Мара спружинила, брюхом падая в раскисшую жижу.

Лес поглотил её, жадно давясь и пуская травяную слюну. Мара зажмурилась, а когда открыла глаза – увидела удаляющийся силуэт. Оксана петляла между скрюченными берёзами и высохшими остовами сосен, из-под подошв летели тёмные брызги. Она убегала снова, вот только, знала Мара, теперь не уйдёт далеко.

Мара припустила следом, на ходу стряхивая человеческую оболочку. Кустарник цеплялся за шерсть, выдирая её клоками, лопались и истекали соком ягоды черники. Что-то верткое, мягкое покатилось под ноги, и Мара сбилась с шага, грудью пропахав заросли мирта.

– Кто-о?! – рёв, исторгнутый человеческим горлом, походил на глухой удар камня о камень.

Ослепшим глазом она различила мутную тень и, обернувшись вокруг оси, подцепила когтём зелёные навкины космы.

– Ты посмела, болотное семя?!

В распахнутых чёрных глазах на миг различила своё отражение – распухшее человеческое лицо на мощной медвежьей шее, искривленную оскалом пасть. Навка пискнула, затрепыхалась, как надетая на крючок плотва, – поздно. Нижняя челюсть Мары отпала вниз, немыслимо растягивая сухожилия и мышцы, в углах рта лопнула кожа, и Мара, нависнув над нежитью, наделась на неё, как перчатка на руку. Лопнула навкина голова, впуская в глотку водянистый рыбий сок, голые ноги засучили по мху. Сомкнув челюсти, Мара трясла добычу, ломая хрупкие навьи косточки, пока наконец не отбросила обезглавленное тело на вересковую подстилку. Дёрнувшись последний раз, навка растеклась зеленоватой лужей и перестала существовать.

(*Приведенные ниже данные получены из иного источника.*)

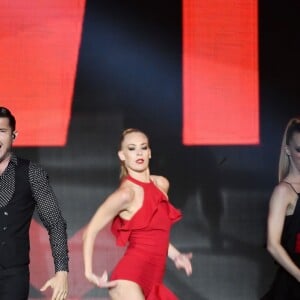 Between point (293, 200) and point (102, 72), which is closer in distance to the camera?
point (293, 200)

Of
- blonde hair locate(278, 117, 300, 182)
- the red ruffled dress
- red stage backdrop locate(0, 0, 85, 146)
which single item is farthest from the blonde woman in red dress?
red stage backdrop locate(0, 0, 85, 146)

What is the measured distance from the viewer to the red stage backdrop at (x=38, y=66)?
176 inches

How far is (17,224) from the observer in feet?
10.3

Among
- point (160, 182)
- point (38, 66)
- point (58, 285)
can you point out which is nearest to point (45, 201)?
point (58, 285)

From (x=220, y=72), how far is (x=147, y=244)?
60.2 inches

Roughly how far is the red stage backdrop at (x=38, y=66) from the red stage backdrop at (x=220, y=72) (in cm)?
72

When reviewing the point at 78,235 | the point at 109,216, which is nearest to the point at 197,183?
the point at 78,235

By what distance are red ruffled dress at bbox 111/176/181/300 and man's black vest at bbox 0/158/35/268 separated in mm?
501

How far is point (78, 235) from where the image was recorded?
4496 mm

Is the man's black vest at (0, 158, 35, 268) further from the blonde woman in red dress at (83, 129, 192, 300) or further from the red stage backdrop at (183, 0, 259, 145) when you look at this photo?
the red stage backdrop at (183, 0, 259, 145)

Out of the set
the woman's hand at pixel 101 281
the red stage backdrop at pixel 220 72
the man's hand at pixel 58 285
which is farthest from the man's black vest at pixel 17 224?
the red stage backdrop at pixel 220 72

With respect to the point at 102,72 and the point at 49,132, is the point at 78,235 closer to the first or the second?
the point at 49,132

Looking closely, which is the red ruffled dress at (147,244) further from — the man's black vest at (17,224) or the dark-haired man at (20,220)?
the man's black vest at (17,224)

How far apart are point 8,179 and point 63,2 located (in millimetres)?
1667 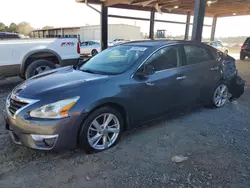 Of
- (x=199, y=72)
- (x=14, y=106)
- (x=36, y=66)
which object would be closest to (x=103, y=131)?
(x=14, y=106)

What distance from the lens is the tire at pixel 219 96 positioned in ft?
15.0

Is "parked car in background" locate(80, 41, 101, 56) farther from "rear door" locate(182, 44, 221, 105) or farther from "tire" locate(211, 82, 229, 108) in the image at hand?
"rear door" locate(182, 44, 221, 105)

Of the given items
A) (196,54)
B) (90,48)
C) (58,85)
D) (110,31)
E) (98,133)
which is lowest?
(98,133)

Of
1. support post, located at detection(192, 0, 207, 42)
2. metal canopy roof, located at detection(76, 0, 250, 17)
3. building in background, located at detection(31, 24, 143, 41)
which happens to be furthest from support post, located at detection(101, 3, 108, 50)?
building in background, located at detection(31, 24, 143, 41)

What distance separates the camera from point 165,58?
3533mm

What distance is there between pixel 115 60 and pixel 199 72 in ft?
5.31

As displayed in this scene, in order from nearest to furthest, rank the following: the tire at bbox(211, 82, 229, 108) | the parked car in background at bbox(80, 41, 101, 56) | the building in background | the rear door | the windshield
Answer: the windshield → the rear door → the tire at bbox(211, 82, 229, 108) → the parked car in background at bbox(80, 41, 101, 56) → the building in background

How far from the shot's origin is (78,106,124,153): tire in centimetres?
271

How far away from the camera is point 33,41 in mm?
5984

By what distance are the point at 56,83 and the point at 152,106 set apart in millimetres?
1465

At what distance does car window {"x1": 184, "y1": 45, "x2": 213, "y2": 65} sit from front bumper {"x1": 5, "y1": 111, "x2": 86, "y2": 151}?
2.32m

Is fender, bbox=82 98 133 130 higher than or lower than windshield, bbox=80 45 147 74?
lower

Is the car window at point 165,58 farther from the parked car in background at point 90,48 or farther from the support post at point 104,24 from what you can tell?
the parked car in background at point 90,48

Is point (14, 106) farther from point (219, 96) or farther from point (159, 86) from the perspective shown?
point (219, 96) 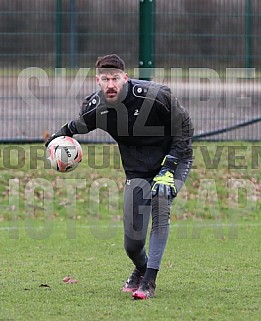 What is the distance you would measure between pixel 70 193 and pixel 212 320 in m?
6.63

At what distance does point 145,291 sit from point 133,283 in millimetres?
478

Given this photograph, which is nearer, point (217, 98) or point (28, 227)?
point (28, 227)

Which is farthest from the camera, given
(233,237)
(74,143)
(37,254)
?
(233,237)

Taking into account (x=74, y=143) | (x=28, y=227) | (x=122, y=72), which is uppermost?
(x=122, y=72)

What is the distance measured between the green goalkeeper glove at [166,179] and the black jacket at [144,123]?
9cm

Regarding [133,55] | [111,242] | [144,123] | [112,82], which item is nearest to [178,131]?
[144,123]

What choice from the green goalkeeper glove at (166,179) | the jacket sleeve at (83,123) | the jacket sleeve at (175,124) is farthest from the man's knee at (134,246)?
the jacket sleeve at (83,123)

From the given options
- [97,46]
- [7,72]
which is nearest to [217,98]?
[97,46]

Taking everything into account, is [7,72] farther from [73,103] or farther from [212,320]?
[212,320]

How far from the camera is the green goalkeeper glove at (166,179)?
7.24 m

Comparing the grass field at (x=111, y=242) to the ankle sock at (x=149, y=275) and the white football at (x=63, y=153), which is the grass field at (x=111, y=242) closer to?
the ankle sock at (x=149, y=275)

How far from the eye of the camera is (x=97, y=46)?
14.8 metres

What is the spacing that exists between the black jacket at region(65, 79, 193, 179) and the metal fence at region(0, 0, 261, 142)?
6711 millimetres

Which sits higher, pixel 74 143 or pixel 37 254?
pixel 74 143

Её смерть, как и смерти людей в автобусе, принесли облегчение лишь на короткий миг. Неуёмный звериный голод вскипел с новой силой.

Мара припала носом к земле, скачками несясь по следу паскуды-дочери, и не замечала, как Лес выворачивался, обнажая мясное нутро, как сухие деревья превращались в кости, камни – в желтоватые комки жира. Лес тяжело дышал, пуская желудочный сок, и в оставленных Марой следах лопались зловонные пузырьки.

Сука-Оксана замедлила шаг – устала. Цепляла кроссовками вывернутые корни.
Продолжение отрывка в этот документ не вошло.